Almarhum Riswanda Imawan pernah mengungkapkan bahwa dalam politik, kata “maaf” memiliki arti lain. Kata “maaf” digunakan sebagai alat pembenar tanpa merubah tindakan yang telah terjadi itu sendiri. Riswanda juga memberikan contoh kasus saat para hulubalang memohon kepada Sultan Iskandar Muda agar membatalkan hukuman mati terhadap anaknya yang melakukan pelanggaran amat berat. Namun Sultan ternyata malah menampiknya karena alasan adat.
Belajar dari kasus tersebut, seharusnya kematian Soeharto sekalipun tidak menutup usaha untuk mengembalikan kekayaan negara yang telah disalahgunakan oleh Soeharto yang dalam hal ini yayasan yang bernaung dibawahnya.

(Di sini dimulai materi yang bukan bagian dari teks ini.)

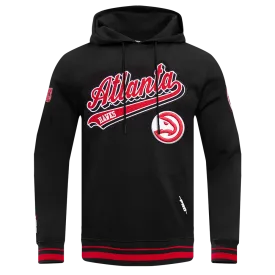 NBA ATLANTA HAWKS SCRIPT TAIL MEN'S RIB FLEECE PULLOVER HOODIE (BLACK/RED/BLACK)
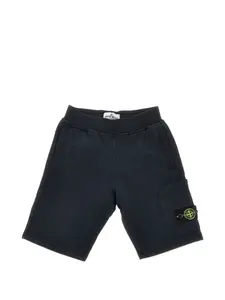 Шорты с нашивкой-компасом Stone Island Junior, синий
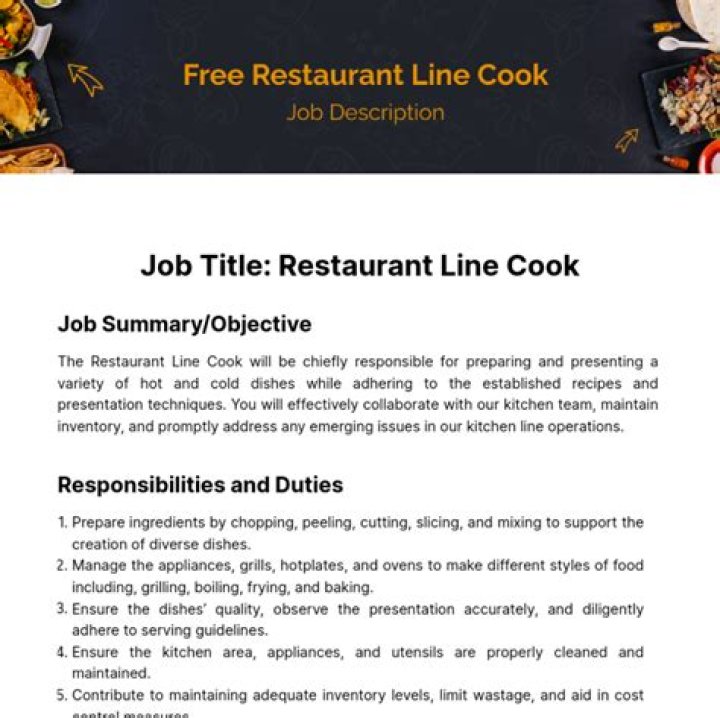 What is line cook job description?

Dengan alasan kemanusiaan, memang pemerintah bisa dianggap kurang bijak jika Soeharto tetap dikenakan sanksi hukum, mengingat jasanya sebagai presiden selama 32 tahun. Namun jika kita melihat berbagai kasus yang menimpa para korban kesewenang-wenangan pemerintahan Orde Baru akan sangat tidak adil. Banyak pihak yang sangat dirugikan dengan telah mendapatkan sangsi hukum tanpa proses pengadilan jelas dan tanpa kesalahan yang tidak bisa dibuktikan kebenarannya pada masa pemerintahan Orde Baru.
Apapun kondisi Soeharto tidak akan menolong masyarakat Indonesia terlepas dari jeratan kemiskinan. Sebenarnya memang masalah kemiskinan tidak berhubungan dengan kondisi Soeharto, akan tetapi sangat bergantung pada kebijakan pemerintah sendiri dalam memajukan perekonomian masyarakat kecil. Namun jangan dengan dalih kemiskinan atau perekonomian penegakan hukum menjadi terhambat. Walaupun masyarakat miskin, mereka tetap berkeinginan penegakan hukum tetap harus berjalan secara adil. Sebab kemiskinan masyarakat tidak hanya sekedar takdir, akan tetapi banyak yang meyakini bahwa kemiskinan kerena ada tindakan yang disengaja untuk memiskinkan masyarakat. Sehingga ketika masyarakat miskin akan mudah dimobilisasi demi kepentingan sesaat para elit.
Akutnya korupsi yang melanda negeri ini mengakibatkan banyaknya hak yang sebenarnya harus diterima rakyat telah diambil alih oleh para koruptor. Walaupun pemerintah melalui KPK telah gencar menyarakan perang terhadap korupsi, namun praktek korupsi masih saja terjadi. Sehingga pemberantasan koruspi tidak hanya bertujuan menyeret para koruptor saja, akan tetapi usaha pengembalian uang negara yang telah dikorupsi juga sangat penting bagi masyarakat.

Doa untuk Soeharto
Sebagai manusia yang beradab, memang sepantasnya kita berdoa untuk kesembuhan Soeharto. Nabi Muhammad juga mencontohkannya ketika Abu Lahab Sakit, Muhammad menengoknya dan mendoakan kesembuhannya walaupun Abu Lahab memusuhinya. Dengan kembali sehatnya Soeharto diharapkan akan sangat membantu pengadilan dalam mengungkap segala ketidakjelasan mengenai misteri penyalahgunaan dana negara dan kasus lain seperti Supersemar. Lalu jika pemerintah berhasil mengembalikan uang negara yang telah dikorupsi, sekali lagi akan sangat berguna untuk membantu memajukan kesejahteraan masyarakat Indonesia dari jurang kemiskinan.